### Data records ###

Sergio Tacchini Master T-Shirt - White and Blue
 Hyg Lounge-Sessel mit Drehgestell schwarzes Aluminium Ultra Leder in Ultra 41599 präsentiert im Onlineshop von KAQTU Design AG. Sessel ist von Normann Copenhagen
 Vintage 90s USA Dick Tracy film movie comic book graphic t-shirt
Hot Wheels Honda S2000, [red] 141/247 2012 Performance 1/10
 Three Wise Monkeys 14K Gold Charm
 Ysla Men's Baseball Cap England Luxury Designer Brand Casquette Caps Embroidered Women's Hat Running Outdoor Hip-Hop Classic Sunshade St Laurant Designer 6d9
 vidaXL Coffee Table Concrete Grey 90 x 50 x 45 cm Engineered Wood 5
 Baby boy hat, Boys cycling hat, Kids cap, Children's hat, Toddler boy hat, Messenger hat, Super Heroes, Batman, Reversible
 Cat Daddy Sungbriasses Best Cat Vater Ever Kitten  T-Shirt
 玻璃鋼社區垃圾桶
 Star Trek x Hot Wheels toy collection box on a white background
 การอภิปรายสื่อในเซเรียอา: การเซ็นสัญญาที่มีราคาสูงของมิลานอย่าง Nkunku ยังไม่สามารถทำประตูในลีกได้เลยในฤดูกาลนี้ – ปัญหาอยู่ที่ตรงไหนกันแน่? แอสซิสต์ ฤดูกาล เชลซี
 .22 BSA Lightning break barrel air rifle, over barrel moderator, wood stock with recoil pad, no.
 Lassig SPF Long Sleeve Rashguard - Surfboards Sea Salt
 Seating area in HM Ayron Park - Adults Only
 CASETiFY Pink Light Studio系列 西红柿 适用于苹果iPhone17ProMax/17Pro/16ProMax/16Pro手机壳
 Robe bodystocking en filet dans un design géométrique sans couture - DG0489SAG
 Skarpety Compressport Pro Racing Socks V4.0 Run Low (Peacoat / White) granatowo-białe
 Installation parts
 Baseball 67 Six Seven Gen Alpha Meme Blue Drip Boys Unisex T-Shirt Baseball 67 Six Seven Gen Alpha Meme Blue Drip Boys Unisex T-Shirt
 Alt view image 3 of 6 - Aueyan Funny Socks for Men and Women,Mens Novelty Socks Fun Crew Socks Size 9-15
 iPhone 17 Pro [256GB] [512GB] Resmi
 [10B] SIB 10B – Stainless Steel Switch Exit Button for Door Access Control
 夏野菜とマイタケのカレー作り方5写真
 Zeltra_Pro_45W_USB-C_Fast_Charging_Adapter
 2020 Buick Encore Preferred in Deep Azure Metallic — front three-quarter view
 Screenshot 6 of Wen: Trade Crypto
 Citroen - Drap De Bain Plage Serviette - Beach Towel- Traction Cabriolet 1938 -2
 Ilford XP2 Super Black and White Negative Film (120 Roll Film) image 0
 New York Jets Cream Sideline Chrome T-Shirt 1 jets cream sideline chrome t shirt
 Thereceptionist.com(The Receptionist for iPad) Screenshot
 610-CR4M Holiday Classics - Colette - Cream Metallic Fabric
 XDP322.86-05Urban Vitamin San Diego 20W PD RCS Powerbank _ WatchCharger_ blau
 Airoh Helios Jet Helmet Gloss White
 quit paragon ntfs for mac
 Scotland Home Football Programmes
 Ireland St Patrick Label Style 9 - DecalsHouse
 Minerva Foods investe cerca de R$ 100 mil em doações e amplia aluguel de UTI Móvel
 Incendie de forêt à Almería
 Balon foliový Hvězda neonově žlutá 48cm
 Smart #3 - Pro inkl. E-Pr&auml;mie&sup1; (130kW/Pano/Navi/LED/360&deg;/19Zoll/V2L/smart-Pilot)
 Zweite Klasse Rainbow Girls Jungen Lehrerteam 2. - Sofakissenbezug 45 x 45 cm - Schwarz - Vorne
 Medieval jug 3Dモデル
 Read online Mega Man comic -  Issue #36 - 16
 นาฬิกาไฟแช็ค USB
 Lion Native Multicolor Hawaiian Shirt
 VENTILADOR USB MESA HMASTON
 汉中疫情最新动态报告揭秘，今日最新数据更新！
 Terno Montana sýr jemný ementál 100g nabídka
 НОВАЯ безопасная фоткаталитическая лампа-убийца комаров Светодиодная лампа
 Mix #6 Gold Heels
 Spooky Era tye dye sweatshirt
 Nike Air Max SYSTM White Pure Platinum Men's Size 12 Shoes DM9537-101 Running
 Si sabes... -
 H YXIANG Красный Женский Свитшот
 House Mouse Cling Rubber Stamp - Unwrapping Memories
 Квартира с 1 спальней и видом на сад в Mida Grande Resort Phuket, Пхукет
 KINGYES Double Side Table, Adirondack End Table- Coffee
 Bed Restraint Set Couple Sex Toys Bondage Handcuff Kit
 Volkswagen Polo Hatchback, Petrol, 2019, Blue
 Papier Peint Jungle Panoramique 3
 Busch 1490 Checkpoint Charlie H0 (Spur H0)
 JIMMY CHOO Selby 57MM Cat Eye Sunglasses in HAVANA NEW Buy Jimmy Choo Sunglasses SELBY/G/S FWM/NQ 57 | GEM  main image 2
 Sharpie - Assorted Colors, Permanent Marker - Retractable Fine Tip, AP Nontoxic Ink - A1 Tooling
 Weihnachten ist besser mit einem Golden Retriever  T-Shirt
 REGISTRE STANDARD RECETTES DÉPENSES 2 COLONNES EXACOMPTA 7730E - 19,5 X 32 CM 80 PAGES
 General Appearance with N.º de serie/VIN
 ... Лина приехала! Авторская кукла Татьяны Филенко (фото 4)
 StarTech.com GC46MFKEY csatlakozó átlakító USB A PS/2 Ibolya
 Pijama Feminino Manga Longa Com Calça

###

Problem description -> As the answer, set down only the lines from the data above between the one holding "Volkswagen Polo Hatchback, Petrol, 2019, Blue" and the one holding "Филенко (фото 4)", inclusive, exactly as they read.

Result for this task ->
 Volkswagen Polo Hatchback, Petrol, 2019, Blue
 Papier Peint Jungle Panoramique 3
 Busch 1490 Checkpoint Charlie H0 (Spur H0)
 JIMMY CHOO Selby 57MM Cat Eye Sunglasses in HAVANA NEW Buy Jimmy Choo Sunglasses SELBY/G/S FWM/NQ 57 | GEM  main image 2
 Sharpie - Assorted Colors, Permanent Marker - Retractable Fine Tip, AP Nontoxic Ink - A1 Tooling
 Weihnachten ist besser mit einem Golden Retriever  T-Shirt
 REGISTRE STANDARD RECETTES DÉPENSES 2 COLONNES EXACOMPTA 7730E - 19,5 X 32 CM 80 PAGES
 General Appearance with N.º de serie/VIN
 ... Лина приехала! Авторская кукла Татьяны Филенко (фото 4)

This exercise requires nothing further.